We keep getting articles on Formula Student in Race Car Engineering magazine, and interesting reading the articles make... but one complaint seems prevalent and that is the fact that many cars now show very little innovation... so how do you stop this and make the car's interesing, for the participants, the judges, and the spectator/reader, how about this:-

Each team is given a very tight specification to build the basic car.... i.e. right down to the construction methods, dimensions etc for all the basic components... like wishbones, etc... you could even have a basic kit which the teams could buy if they wanted.

Then each year (or three year cycle, or whatever) a specific area for development is highlighted... the teams then have to come up with the best design they can to improve that area... the difference between one car and the rest is thus determined by this one area.... once you've been through the three year cycle the car that showed the best performance is used as the "standard".... its solution is standardised for all teams, and another area for development is highlighted....
Terrible idea - sorry.

Background: I was part of the design team for two Formula Student cars (did the suspension on both cars and was also tech director on the second) I'm now a professional motorsport engineer (involved in the Le Mans Series actually :-) ) and Formula Student design judge. I'm also developing FS specific products for the company I work for.

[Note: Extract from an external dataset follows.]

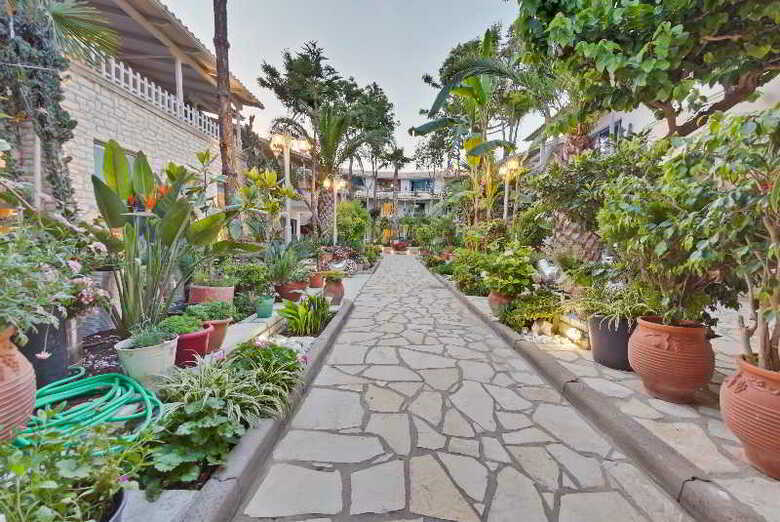 Aparthotel Rouda Bay Beach Hotel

Like I said to you on the Le Mans thread, it's actually being quite narrow minded to look just at the car. Formula Student isn't about developing innovative vehicles, it's about training engineers.

Sam Collins' at RE infuriates me by demanding innovation from FS teams rather than looking at who did the best all round job as engineers - because often that requires not innovating because to do so would be profligate in the context of the budgets and other constraints on the team.

If you proscribe the vast majority of the car then you remove the project planning and systems engineering aspects of the compeition. The beauty of the competition as it stands is that a 600cc 4-cylinder machine can be beaten by a 450cc single cylinder machine and vice versa because the teams involved developed a vehicle appropriate to the choice of engine. Those vehicles will be very different, which is why your spec car is a bad idea.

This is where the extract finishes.